Is Myriad Genetics right to patent the BRCA genes? More importantly, what are the BRCA genes?
Can human genes be patented is the loaded question currently being debated in the U.S. Supreme Court. Specifically, the case in question is regarding a Utah-based company called Myriad which holds the patent for two genes called BRCA1 and BRCA2.
The outcome of this case is being touted as a potential game changer in the field of medical genetics because it concerns the question of whether human genes are eligible for patents. However, thousands of genes have been patented in the past decade, so why this brouhaha over the BRCA genes?

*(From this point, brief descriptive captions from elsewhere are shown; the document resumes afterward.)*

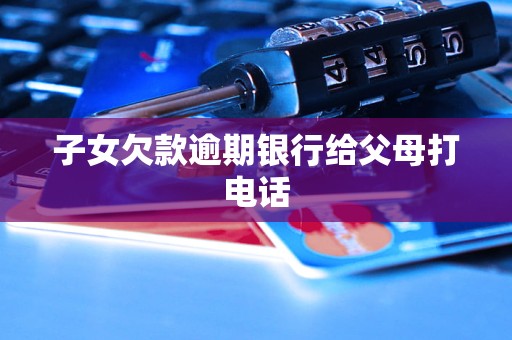 子女欠款逾期银行给父母打电话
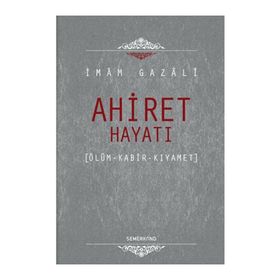 Ahiret Hayatı Ölüm Kabir Kıyamet-Semerkand Yayınları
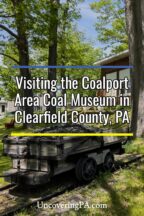 Coalport Area Coal Museum in Clearfield County, Pennsylvania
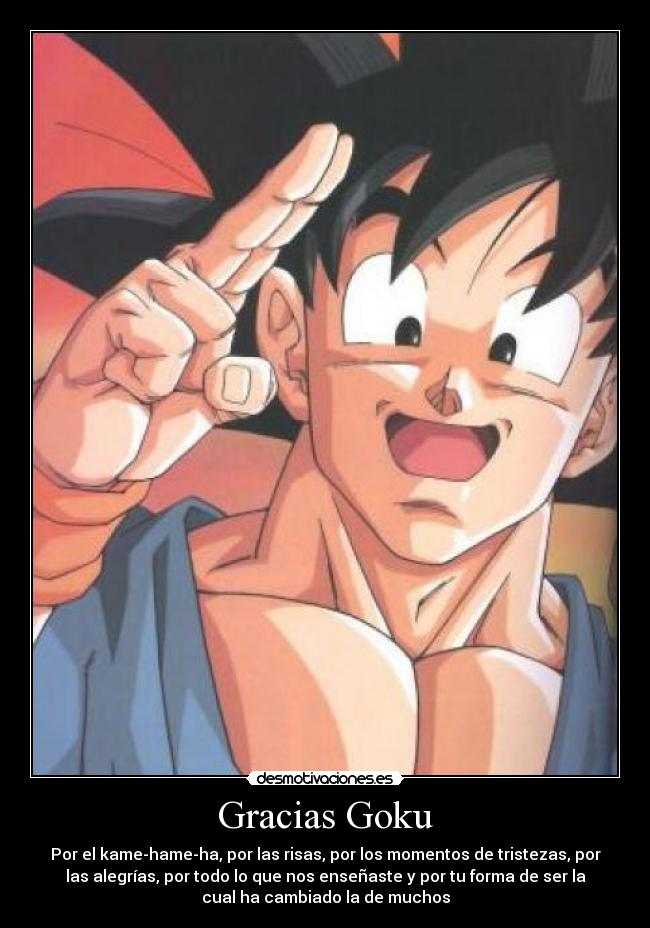 Gracias Goku -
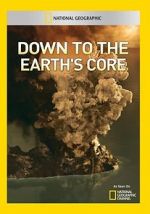 Watch Down to the Earth\'s Core 123MovieFree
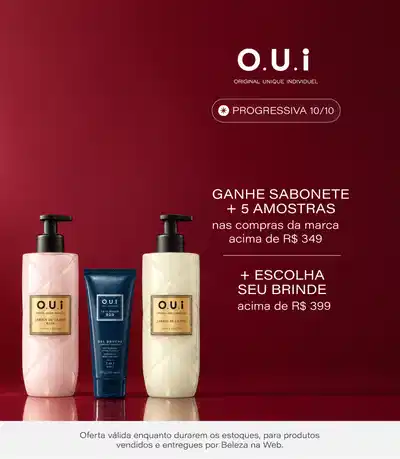 [O.U.I] [PROGRESSIVA] Ganhe Sabonete + 5 Amostras nas compras da marca acima de R$ 349 + Escolha seu Brinde acima de R$ 399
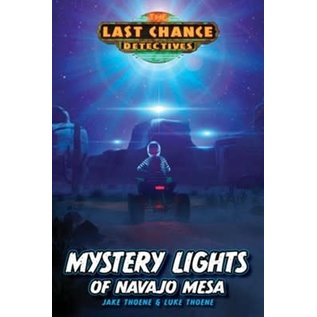 The Last Chance Detectives #2: Mystery Lights of Navajo Mesa (Jake Thoene &Luke Thoene), Paperback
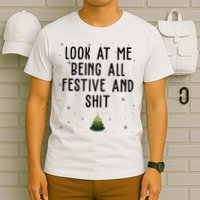 Look At Me Being All Festive And Shit Funny Christmas T-Shirt
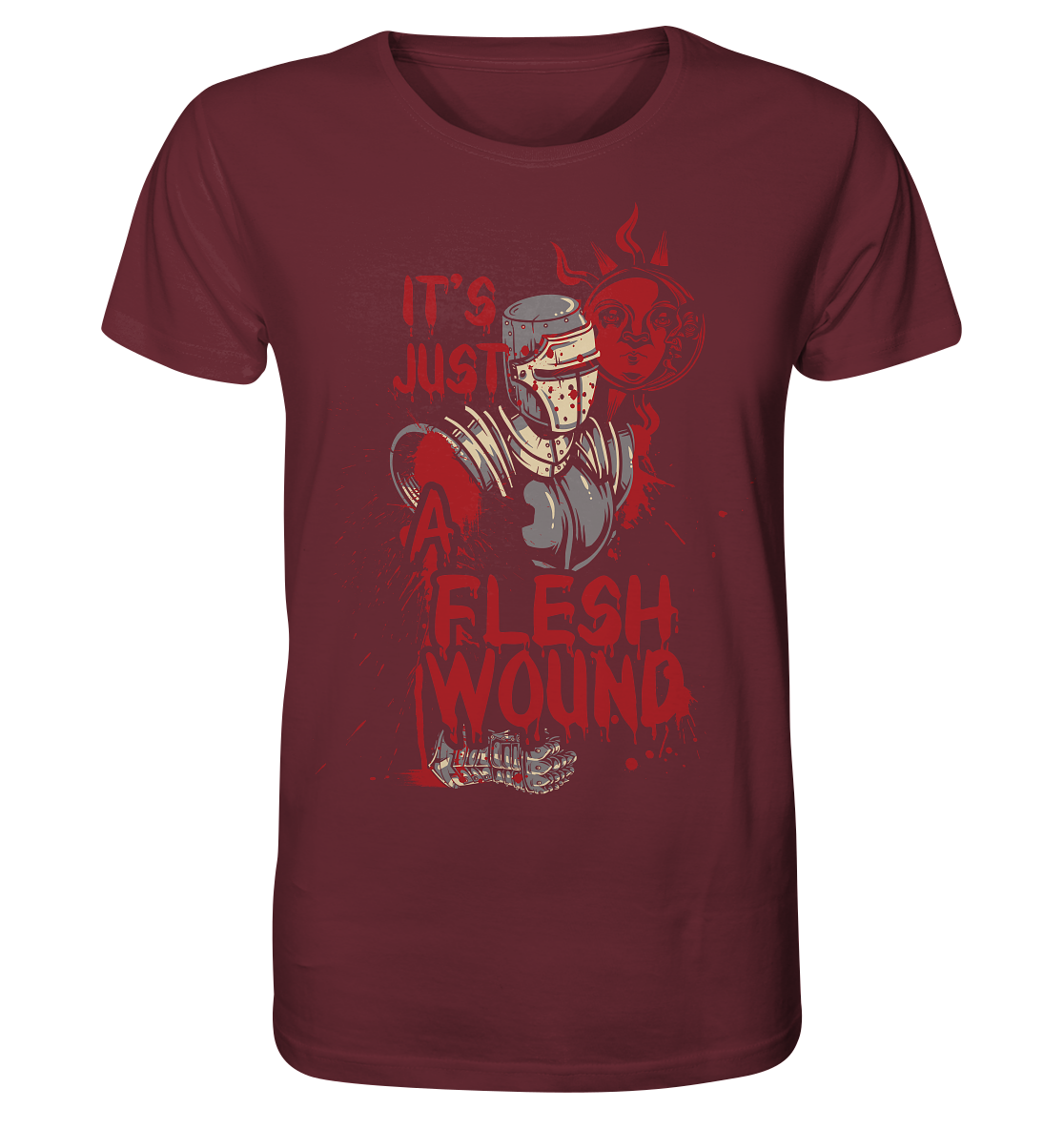 IT`S JUST A FLESH WOUND - Organic Shirt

Except for our red blood cells, every cell in our body contains hereditary material called DNA. The set of all the DNA molecules present in each of our cells is called the genome.
Parts of the genome called genes direct the synthesis of different proteins in our body. Since every function performed in our body is mediated by proteins, a faulty gene often manifests itself in the form of disease.
All human beings are 99.9 per cent similar with respect to their genomes. This means that it is the 0.1 per cent (apart from environmental factors) that accounts for how different you and I look and behave, and our susceptibility to diseases like heart problems and cancers.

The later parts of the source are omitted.